Герцен нередко ошибался, со страстностью, свойственной его натуре, впадая в преувеличения и крайности, но он умел и честно признавать собственную неправоту, более всего дорожа истиной и научным анализом. Герцен не только чутко прислушивался к подземной работе крота-истории и ставил различные диагнозы больному миру. Он принимал деятельное участие в «кротовой» работе, сознавая свою личную огромную ответственность перед Россией, Европой, историей. Это остро развитое чувство ответственности в соединении с уникальными качествами Герцена — диалектика и аналитика придали его произведениям универсальный масштаб и необыкновенную глубину. Захватывает сам процесс герценовской мысли, поучительной и плодотворной, доставляющей, наконец, эстетическое наслаждение даже и в том случае, когда очевидны ошибочность выводов или произвольность аналогий. «Герцен — это целая стихия, его нужно брать всего целиком с его достоинствами и недостатками, с его пророчествами и ошибками, с его временным и вечным, но не для того, чтобы так целиком возлюбить и воспринять, а для того, чтобы купать свой собственный ум и свое собственное сердце в многоцветных волнах этого кипучего и свежего потока», — образно писал А. В. Луначарский.[247]

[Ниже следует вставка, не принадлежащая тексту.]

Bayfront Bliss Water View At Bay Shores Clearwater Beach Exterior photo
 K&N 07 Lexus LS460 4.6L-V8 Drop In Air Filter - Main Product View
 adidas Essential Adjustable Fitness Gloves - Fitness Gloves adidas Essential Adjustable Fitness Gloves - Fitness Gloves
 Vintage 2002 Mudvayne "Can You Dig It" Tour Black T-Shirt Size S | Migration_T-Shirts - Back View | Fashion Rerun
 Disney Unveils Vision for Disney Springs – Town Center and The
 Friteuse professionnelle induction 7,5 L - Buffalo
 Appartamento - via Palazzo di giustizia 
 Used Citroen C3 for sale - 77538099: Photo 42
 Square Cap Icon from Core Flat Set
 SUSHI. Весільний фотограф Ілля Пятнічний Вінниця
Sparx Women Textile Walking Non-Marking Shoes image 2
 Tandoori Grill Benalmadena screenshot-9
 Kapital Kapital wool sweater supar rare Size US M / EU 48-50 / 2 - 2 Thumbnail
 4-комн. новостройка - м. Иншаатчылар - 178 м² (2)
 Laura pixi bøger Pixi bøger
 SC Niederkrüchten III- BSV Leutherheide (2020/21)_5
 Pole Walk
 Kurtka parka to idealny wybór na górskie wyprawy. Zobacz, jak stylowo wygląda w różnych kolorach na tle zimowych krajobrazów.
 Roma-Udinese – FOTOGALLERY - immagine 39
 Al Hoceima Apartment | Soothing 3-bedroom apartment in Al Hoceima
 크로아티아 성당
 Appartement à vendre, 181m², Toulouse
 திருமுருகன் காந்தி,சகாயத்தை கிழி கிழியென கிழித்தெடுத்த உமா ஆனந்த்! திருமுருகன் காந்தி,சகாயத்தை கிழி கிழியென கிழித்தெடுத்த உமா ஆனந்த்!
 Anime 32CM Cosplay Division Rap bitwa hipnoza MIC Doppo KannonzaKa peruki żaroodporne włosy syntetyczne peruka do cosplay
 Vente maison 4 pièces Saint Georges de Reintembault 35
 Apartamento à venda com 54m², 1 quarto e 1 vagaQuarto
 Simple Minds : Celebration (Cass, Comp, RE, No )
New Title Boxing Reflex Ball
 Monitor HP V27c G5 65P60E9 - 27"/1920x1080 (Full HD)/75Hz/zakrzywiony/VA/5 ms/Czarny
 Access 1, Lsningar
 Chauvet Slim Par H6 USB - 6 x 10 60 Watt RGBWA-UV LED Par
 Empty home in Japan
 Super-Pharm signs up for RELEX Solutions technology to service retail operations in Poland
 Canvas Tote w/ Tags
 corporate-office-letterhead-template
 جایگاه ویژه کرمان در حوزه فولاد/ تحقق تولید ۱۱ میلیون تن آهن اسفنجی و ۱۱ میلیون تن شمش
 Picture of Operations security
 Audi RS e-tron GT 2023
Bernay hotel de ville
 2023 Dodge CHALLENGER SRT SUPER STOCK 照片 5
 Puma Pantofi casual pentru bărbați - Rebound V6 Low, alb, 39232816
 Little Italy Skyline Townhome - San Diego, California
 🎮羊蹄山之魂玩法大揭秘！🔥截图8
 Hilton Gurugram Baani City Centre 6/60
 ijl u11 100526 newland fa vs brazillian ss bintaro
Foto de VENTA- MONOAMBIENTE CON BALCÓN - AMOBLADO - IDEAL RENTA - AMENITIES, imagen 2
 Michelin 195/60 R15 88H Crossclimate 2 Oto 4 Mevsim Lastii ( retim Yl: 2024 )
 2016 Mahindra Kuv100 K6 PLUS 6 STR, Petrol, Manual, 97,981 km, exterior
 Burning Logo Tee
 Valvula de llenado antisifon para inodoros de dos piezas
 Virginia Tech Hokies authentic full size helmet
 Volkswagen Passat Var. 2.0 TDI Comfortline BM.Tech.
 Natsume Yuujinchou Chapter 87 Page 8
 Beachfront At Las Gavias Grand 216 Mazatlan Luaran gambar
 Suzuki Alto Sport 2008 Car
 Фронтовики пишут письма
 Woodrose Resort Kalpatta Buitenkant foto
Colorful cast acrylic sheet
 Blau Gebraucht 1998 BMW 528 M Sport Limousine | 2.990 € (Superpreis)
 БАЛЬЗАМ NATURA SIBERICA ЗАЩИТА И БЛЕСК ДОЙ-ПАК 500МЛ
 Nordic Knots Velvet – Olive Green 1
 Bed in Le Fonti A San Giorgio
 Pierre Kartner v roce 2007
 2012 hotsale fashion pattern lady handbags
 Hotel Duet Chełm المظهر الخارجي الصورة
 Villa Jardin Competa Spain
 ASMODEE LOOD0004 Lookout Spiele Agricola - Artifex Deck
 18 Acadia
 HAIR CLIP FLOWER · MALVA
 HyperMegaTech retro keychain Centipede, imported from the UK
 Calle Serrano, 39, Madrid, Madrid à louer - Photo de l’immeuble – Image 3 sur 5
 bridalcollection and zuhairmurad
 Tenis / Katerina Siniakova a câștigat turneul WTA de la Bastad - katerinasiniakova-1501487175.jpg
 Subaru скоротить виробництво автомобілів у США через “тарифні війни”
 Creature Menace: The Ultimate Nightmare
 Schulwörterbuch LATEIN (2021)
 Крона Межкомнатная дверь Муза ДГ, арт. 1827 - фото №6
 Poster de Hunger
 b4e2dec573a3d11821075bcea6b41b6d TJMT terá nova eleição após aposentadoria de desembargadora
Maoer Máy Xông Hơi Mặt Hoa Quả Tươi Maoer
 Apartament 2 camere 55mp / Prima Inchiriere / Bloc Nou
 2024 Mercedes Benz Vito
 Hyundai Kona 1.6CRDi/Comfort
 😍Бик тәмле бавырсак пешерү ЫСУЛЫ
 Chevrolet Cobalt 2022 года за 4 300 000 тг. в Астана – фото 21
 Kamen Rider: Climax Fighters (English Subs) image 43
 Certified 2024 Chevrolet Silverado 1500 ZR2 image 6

Стиль Герцена — смелый и независимый язык человека, считавшего нечестным поступком любую недоговоренность и туманность, неутомимо разоблачавшего словесную демагогию и трескотню, — оказал огромное влияние на русскую литературу и публицистику.
Единственное оправдание своего тяжелого, грустного эмигрантского существования Герцен видел в возможности с другого берега говорить свободно, без цензурных шор и опеки, добираясь до ума и совести соотечественников. «Открытая, вольная речь — великое дело; без вольной речи — нет вольного человека. Недаром за нее люди дают жизнь, оставляют отечество, бросают достояние. Скрывается только слабое, боящееся, незрелое. „Молчание — знак согласия“, — оно явно выражает отречение, безнадежность, склонение головы, сознанную безвыходность» (XII, 62). Герцен неустанно повторял одну и ту же дорогую ему мысль — научитесь говорить открыто, смело, отрекитесь от вековых привычек холопского словоизвержения, освободите от «крепостного рабства» свой язык. «Пусть язык наш смоет прежде всего следы подобострастия, рабства, подлых оборотов, вахмистрской и барской наглости — и тогда уже начнет поучать ближних» (XV, 210).
С такой же настойчивостью Герцен противился нигилистическим попыткам противопоставить слово и дело, остро полемизируя с демагогическими лозунгами анархиста Бакунина. «„Время слова, — говорят они, — прошло, время дела наступило“. Как будто слово не есть дело? Как будто время слова может пройти? Враги наши никогда не отделяли слова и дела и казнили за слова <…> часто свирепее, чем за дело <…> Расчленение слова с делом и их натянутое противуположение не вынесет критики, но имеет печальный смысл как признание, что все уяснено и понято, что толковать не о чем, а нужно исполнять» (XX, 587). Герцен, «свободным словом вернувшийся на родину», пионер русской вольной прессы, имел высшее право отвечать так твердо и резко Бакунину.
Герцен никогда не мыслил себя в отрыве от традиций русской литературы, в независимом и скорбном духе которой, искупительном смехе, «демоническом начале сарказма» он видел яркие признаки будущего освобождения. Книга Герцена «О развитии революционных идей в России» более чем наполовину представляет собой очерк литературы нового времени. В русских писателях, по Герцену, с наибольшей очевидностью отразился русский национальный тип со всем разнообразием заключенных в нем возможностей. Ломоносов «был знаменитым типом русского человека»; Пушкин — «наиболее совершенный представитель широты и богатства русской натуры» (VI, 216).